Clarke, 16, will be a junior this fall at Kelseyville High. Zarate said she’s been wrestling since she was in middle school.
She has become California’s 13th Cadet national champion, he added.
In order to qualify, Clarke won the state championship for freestyle in May in Fresno, according to Zarate.
Garcia, who also will be a junior this fall at Kelseyville High, is a cadet-level wrestler in the 140-pound weight class. Zarate said Garcia also won a state title, in his case for Greco-Roman wrestling in June.
Wrestling is a tradition in Garcia’s family. He’s been wrestling since he was a kindergarten. His father, Adam, grew up and wrestled in Lake County, and is the co-coach of the Kelseyville High wrestling team along with Zarate.
“Our little county produces really good wrestlers now,” Zarate said.
Zarate said they’ve been doing off-season training in order to prepare for the national competition.
Regarding Clarke, Zarate said he’s been working with her three days a week. “She’s been sticking with it all this time.”
Zarate and Clarke’s father, John, accompanied the two young wrestlers to North Dakota for the competition.
“It is huge,” Zarate said of the event, noting there are 24 mats going in the stadium.
Zarate said Clarke had a good week of practices leading up to the competition.

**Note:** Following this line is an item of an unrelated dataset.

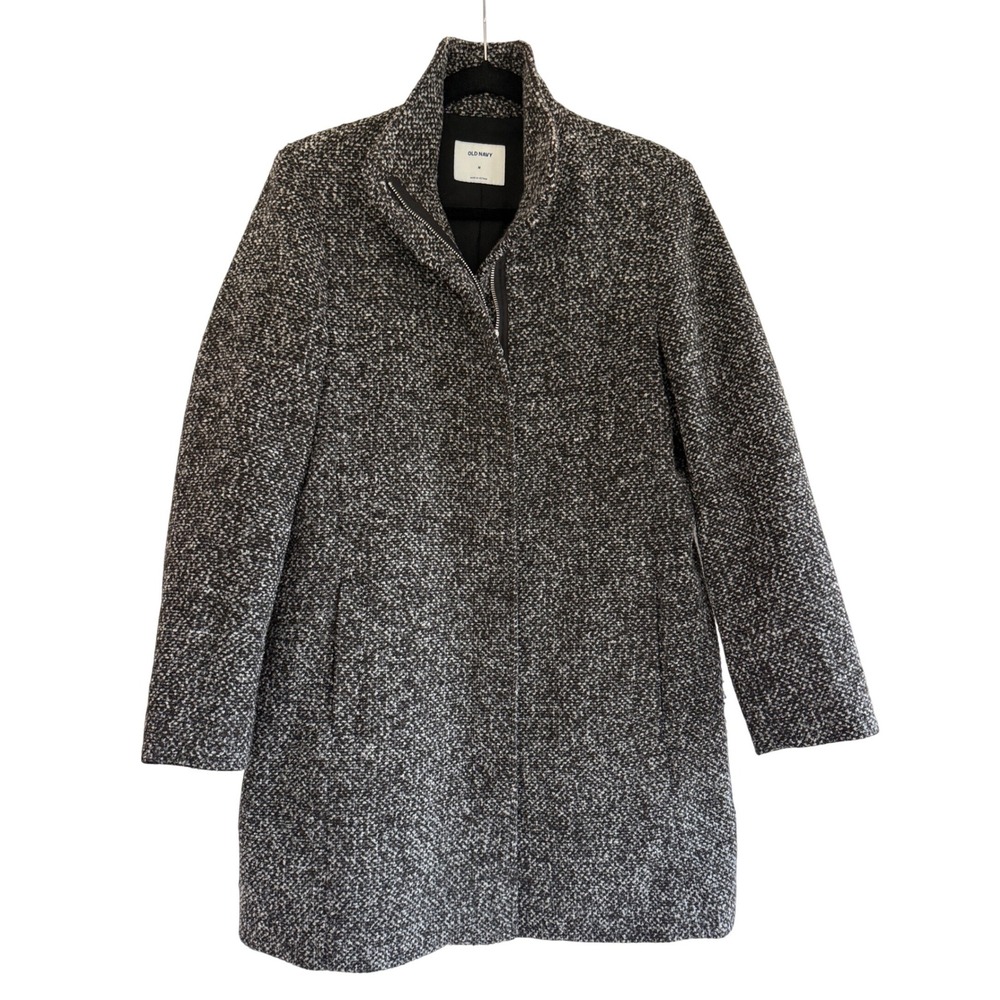 Old Navy Womens Funnel Neck Boucle Zip Front Coat Black White Marled Size M‎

He said she told him she thought she could win. “She’s slowly started believing it.”
Clarke began her competition on Monday morning, with three matches. In her first match of the day, against Sydney Fenus from Texa, Clarke won by pin, Zarate said.
Then, in her second match she pinned Ryan Schlereth of Missouri to win, Zarate said. That was Clarke’s shortest match, as well as the shortest match in the tournament, at just 41 seconds.
Clarke’s third match, also on Monday, was against Virginia resident Taja Showers, who Zarate said is the seventh-ranked high school wrestler in the country in the 200-pound weight class.
It turned out to be Clarke’s toughest match, yet Zarate said she won by a 5-0 decision.
Then, on Tuesday morning, Clarke wrestled Tionna Collins from Kentucky, winning by another pin, Zarate said.
Although she has a national championship in hand, Clarke is hardly done at the tournament.
On Wednesday she’ll move up into the juniors division and compete against high school juniors and seniors, Zarate said.
“She wants to go in and obviously do well,” Zarate said.
He said Clarke may meet up with the country’s No. 1 seed in the 200-pound weight class, Corey Burton, another Californian who has beat Clarke in a previous match.
Clarke told her coach that she believes this is her time. “I think right now she’s seeing what she could be,” he said.
Zarate said wrestling will start at 7 a.m. Wednesday.
Not only with Clarke be back on the mat, but on Wednesday Garcia also will take to the mat to start his part of the competition.
The tournament continues through the end of the week, with the Kelseyville wrestlers to return on Friday night, Zarate said.
In the interview after her win, Clarke explained, “I was looking forward to this national championship, and putting my little town on the mat … the map,” she said, correcting herself.
As it turns out, in the wrestling world, she did both.